Although the records contain pictures, none belong in the copy: restate word for word only the lines from the one with "10775 Queensland Street" through the one with "Radha krishna Niwas", both included.

+++ AVAILABLE DATA +++

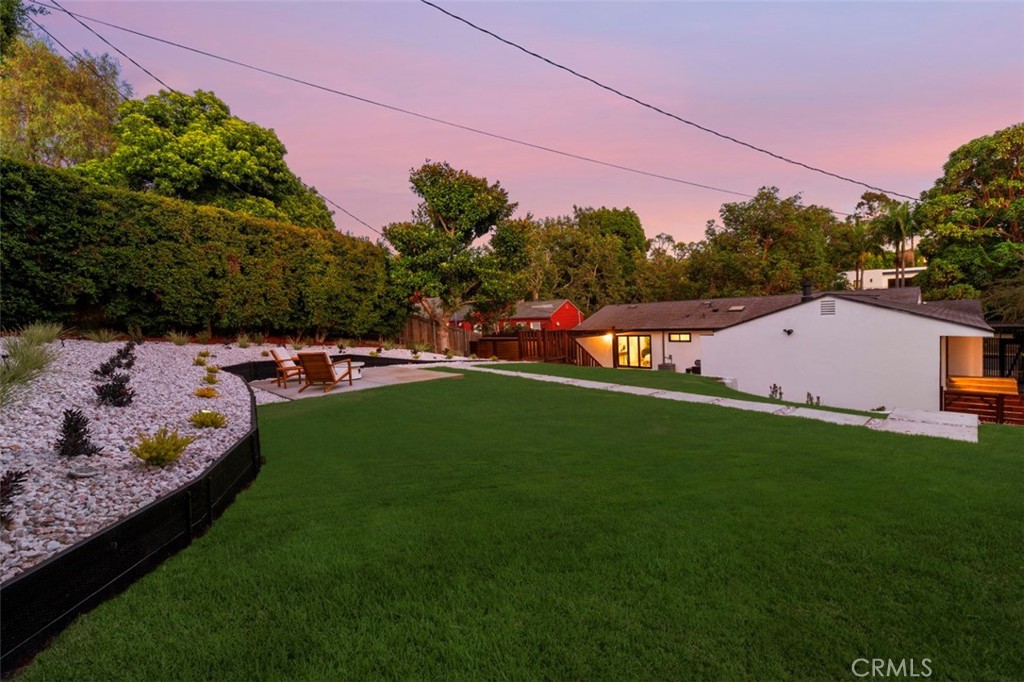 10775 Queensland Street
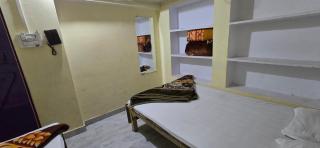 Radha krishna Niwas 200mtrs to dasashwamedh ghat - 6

+++
+++ AVAILABLE DATA +++

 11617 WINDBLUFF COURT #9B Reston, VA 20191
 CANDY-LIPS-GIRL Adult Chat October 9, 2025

+++
+++ AVAILABLE DATA +++

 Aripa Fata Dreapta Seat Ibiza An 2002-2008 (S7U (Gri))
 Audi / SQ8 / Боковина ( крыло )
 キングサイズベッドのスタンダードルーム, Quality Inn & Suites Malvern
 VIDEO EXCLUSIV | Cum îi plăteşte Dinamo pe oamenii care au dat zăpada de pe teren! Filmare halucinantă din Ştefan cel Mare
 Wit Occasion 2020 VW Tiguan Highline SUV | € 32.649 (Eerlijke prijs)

+++

SOLUTION TO THE PROBLEM:
 10775 Queensland Street
 Radha krishna Niwas 200mtrs to dasashwamedh ghat - 6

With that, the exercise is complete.